## Your assignment
Nothing but the lines from the one with "Glam Wallpaper Wall" through the end of the listing below should appear in your reply, each copied exactly.

## Data section
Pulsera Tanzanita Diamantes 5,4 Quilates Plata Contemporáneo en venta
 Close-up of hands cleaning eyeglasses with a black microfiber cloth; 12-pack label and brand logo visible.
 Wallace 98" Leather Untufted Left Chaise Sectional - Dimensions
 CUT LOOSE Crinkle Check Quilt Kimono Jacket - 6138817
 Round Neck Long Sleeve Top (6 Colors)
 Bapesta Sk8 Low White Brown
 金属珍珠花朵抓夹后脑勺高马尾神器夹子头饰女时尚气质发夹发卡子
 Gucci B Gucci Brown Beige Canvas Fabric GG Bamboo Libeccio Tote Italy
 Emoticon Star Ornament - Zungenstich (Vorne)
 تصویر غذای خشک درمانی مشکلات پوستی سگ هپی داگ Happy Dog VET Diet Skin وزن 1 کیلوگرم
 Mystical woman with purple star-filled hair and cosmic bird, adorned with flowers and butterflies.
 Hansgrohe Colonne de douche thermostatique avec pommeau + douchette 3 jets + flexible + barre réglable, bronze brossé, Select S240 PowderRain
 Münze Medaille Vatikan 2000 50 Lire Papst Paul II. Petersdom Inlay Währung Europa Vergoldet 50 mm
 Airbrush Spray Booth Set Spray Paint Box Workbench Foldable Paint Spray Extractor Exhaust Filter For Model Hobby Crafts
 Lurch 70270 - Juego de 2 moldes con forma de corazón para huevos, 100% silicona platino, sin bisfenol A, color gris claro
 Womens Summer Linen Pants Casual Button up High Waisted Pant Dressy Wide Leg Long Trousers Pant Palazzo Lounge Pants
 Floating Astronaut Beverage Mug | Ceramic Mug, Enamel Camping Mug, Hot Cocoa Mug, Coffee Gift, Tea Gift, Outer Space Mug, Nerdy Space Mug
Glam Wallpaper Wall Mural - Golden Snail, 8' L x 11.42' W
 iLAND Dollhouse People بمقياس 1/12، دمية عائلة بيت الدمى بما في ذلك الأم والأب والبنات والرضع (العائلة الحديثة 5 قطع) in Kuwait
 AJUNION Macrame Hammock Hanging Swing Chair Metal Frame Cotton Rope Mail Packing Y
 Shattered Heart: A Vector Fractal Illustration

## Solution
Glam Wallpaper Wall Mural - Golden Snail, 8' L x 11.42' W
 iLAND Dollhouse People بمقياس 1/12، دمية عائلة بيت الدمى بما في ذلك الأم والأب والبنات والرضع (العائلة الحديثة 5 قطع) in Kuwait
 AJUNION Macrame Hammock Hanging Swing Chair Metal Frame Cotton Rope Mail Packing Y
 Shattered Heart: A Vector Fractal Illustration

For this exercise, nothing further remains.